Day-to-Day Tall Head of URL Exploration
This is the 4th post on the statistics of URL exploration. In the previous three (The Long Tail of URL Exploration, What does the Nth Explorer of the Web Find? and The Tall Head of URL Exploration) I looked at how adding users grows the long tail and tall head of URLs for a single day. Today, the data covers 20 days with a relatively constant population.
To get some idea how the tall head evolves, compare the tall head on day 0 with 19 successive days. The plot below shows the Top 10, Top 50, Top 100, Top 500 and Top 1000 URLs for day zero and the fraction of the top URLs on day zero appearing in the tall head on the nth day.
Green-Top 100 URLs; Cyan-Top 500 URLs; Yellow-Top
1000 URLs. (URLs ranked by visits).
While the Top 10 and Top 50 URLs show stability day after day, the Top 500 and Top 1000 roll over at a fairly constant rate after day one. The plot can be used to estimate the size of the persistent tall head of URLs for this population and the rate at which the tall head evolves.
First, look for a change in behavior from maintaining a constant fraction of the day-0 URLs to a steady decline from day to day. By this heuristic, estimate the persistent tall head to be between 50 and 100 URLs.
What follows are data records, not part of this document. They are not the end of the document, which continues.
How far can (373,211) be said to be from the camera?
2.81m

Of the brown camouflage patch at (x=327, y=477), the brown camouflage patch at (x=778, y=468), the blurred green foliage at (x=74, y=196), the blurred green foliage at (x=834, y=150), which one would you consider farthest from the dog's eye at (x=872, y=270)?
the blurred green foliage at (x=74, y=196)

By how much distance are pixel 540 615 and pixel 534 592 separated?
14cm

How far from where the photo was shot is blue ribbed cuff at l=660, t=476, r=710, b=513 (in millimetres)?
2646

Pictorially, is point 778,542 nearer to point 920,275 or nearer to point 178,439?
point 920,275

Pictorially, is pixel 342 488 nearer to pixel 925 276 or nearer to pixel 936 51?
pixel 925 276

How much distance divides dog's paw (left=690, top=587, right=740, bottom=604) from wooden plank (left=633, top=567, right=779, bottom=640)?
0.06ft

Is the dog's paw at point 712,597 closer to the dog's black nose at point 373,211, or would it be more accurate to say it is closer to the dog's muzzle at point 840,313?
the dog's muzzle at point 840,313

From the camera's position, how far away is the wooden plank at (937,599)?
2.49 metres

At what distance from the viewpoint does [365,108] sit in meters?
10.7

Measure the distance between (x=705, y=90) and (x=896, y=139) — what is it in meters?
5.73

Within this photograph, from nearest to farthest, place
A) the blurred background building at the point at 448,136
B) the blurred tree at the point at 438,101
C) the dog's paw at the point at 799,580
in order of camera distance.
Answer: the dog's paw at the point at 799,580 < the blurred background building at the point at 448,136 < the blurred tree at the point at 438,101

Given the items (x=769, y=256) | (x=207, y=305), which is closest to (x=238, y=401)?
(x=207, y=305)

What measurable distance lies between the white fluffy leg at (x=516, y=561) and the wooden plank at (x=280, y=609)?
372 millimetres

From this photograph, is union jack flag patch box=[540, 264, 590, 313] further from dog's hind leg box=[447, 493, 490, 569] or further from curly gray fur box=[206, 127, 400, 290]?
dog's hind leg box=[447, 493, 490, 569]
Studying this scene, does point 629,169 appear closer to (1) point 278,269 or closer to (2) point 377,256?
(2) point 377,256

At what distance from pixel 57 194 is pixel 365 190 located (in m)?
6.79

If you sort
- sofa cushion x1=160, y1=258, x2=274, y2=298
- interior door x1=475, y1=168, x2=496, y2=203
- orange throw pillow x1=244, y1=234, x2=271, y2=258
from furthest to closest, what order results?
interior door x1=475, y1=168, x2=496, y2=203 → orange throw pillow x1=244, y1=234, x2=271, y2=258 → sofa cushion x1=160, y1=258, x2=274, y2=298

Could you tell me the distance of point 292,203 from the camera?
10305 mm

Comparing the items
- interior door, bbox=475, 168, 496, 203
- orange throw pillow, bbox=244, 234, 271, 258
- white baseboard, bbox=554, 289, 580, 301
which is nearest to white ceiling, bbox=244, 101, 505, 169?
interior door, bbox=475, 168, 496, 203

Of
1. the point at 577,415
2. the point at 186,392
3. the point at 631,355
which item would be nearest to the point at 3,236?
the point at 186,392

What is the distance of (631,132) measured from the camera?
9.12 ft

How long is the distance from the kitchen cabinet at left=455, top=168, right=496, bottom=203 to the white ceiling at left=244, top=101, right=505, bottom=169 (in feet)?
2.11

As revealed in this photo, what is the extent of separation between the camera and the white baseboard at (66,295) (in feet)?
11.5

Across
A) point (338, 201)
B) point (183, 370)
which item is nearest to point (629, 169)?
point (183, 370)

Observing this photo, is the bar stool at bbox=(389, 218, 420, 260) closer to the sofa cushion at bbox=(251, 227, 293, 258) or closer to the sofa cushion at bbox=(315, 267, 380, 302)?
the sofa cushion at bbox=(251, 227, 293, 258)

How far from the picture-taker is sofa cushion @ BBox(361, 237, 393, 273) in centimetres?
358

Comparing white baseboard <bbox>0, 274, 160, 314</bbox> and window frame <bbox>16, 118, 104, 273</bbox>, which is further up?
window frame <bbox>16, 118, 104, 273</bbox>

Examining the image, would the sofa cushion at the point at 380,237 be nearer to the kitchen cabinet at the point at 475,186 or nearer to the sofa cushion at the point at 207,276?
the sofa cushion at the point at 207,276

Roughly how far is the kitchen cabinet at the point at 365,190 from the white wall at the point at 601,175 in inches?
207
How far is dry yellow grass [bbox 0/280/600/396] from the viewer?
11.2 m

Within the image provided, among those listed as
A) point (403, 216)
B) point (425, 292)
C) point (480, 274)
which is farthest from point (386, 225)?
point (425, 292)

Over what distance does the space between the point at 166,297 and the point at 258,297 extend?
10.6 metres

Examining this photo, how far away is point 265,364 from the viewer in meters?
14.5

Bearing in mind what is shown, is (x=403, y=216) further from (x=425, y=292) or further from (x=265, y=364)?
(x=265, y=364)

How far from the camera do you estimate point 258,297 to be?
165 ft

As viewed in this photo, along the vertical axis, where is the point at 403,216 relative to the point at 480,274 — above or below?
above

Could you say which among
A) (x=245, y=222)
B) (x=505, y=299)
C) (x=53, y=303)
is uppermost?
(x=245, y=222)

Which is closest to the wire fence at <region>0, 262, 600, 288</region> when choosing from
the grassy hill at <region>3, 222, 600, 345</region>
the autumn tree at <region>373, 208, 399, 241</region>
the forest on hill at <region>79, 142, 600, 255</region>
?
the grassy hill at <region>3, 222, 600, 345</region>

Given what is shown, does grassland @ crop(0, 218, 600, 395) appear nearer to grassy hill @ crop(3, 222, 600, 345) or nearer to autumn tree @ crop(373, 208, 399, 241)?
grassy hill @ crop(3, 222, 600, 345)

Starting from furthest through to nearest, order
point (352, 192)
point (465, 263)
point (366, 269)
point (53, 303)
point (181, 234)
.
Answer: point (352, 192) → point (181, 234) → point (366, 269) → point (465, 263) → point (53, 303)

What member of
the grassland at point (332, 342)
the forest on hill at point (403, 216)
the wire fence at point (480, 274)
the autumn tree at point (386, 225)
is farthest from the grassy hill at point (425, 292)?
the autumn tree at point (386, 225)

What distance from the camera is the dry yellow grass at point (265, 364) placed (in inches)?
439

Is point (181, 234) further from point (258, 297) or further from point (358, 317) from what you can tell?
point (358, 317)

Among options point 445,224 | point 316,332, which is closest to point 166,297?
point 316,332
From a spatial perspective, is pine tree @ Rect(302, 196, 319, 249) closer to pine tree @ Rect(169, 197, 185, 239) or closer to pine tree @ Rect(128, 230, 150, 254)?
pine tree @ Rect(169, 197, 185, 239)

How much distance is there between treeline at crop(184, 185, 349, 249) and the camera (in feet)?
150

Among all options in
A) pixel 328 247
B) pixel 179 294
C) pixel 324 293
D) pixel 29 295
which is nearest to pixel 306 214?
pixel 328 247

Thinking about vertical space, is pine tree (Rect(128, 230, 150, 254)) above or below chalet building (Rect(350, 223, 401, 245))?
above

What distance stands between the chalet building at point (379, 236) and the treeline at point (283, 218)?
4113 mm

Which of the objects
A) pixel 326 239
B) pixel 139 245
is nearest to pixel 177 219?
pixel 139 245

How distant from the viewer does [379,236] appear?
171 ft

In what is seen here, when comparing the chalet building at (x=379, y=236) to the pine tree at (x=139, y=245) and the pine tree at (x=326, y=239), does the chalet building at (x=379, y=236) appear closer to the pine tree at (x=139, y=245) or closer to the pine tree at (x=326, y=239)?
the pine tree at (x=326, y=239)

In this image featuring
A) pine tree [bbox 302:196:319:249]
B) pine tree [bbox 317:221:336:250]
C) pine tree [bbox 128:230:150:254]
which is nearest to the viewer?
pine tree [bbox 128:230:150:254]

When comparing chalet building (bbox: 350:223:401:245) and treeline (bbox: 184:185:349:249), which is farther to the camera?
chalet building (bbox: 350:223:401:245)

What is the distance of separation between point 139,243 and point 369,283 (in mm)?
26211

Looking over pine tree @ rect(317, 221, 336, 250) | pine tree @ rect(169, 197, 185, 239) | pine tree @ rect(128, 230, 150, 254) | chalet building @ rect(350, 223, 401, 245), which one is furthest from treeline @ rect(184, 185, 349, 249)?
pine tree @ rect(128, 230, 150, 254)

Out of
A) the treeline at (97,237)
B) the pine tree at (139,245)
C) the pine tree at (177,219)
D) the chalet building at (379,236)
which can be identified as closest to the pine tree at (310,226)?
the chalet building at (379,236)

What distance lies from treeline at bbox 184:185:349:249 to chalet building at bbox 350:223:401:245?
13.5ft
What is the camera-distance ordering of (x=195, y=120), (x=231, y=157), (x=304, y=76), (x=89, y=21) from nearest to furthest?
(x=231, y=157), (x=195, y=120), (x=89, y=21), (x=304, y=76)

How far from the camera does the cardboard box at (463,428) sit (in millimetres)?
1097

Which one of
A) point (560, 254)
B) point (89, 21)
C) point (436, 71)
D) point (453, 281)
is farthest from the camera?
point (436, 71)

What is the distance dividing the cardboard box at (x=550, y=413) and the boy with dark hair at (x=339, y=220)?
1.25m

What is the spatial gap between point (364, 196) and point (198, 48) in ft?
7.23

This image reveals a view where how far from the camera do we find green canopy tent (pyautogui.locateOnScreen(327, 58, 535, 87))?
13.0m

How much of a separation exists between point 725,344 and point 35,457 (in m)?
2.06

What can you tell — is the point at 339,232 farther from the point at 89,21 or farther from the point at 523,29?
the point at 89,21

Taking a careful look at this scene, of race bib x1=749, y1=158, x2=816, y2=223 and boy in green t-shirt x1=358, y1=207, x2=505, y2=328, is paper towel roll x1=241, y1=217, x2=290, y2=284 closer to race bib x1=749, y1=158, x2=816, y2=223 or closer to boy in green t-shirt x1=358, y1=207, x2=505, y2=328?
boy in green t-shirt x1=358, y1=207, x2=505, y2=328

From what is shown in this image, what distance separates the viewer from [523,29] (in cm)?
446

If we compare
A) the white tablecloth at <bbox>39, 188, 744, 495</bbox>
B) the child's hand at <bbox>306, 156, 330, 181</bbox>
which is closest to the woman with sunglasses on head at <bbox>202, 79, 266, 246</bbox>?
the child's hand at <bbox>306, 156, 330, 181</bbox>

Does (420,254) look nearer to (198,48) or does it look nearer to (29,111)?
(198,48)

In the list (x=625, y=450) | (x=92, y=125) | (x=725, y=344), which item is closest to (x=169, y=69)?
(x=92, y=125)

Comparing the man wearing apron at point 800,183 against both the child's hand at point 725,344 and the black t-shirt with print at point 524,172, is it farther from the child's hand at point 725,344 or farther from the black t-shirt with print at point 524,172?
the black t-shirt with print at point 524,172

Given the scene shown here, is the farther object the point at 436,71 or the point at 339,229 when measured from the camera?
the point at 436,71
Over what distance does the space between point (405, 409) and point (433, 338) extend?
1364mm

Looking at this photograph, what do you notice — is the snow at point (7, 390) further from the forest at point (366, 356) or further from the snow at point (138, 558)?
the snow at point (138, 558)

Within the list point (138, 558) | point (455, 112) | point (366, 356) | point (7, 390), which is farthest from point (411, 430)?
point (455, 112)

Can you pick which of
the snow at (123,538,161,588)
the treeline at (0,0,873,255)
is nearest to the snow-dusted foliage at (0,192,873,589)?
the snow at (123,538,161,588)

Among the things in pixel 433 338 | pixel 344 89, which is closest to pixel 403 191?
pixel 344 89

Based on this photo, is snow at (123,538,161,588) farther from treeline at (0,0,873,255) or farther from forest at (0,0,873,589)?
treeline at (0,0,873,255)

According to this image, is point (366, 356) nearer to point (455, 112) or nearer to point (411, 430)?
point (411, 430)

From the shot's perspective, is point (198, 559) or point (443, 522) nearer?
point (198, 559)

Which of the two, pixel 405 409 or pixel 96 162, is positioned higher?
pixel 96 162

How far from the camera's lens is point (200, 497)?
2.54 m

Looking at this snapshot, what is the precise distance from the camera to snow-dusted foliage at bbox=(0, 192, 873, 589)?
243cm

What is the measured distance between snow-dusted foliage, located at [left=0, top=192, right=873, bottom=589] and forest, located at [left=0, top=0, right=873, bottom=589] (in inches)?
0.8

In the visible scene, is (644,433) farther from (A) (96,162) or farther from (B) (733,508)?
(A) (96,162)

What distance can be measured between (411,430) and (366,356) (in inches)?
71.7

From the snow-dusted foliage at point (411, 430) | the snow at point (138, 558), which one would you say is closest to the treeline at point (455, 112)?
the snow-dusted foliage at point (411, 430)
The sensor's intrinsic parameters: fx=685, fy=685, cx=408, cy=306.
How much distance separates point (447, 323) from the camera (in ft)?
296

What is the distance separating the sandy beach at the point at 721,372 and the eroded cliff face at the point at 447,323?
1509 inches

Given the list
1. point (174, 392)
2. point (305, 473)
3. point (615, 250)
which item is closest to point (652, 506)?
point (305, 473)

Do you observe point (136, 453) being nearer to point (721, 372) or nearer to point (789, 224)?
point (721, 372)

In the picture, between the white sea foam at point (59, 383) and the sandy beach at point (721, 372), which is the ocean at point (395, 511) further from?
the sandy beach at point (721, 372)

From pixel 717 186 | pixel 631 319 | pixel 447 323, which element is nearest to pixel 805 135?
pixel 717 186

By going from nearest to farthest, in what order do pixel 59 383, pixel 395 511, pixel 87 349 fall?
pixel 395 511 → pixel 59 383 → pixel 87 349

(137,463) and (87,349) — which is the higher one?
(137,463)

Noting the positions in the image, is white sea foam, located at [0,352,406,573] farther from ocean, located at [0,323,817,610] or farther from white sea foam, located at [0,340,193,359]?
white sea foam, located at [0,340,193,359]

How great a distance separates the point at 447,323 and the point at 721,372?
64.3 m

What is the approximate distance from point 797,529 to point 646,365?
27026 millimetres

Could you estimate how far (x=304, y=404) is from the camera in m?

Secondly, to estimate the turnover of the tall head, choose the approximate desired tall head, e.g., the Top 500 URLs (cyan), and look at the slope of the line for days 1-19. (Alternately, choose a timescale for which the tall head should turn over to a given fraction remaining, say, 75%, giving a timescale of approximately 15 days.)
for comparison; Green-Fit to Top 500 URLs. (Days 1-20,
URLs ranked by visits).
The plot above shows the Top 500 URLs rollover about 0.5% per day from days 1 to 20.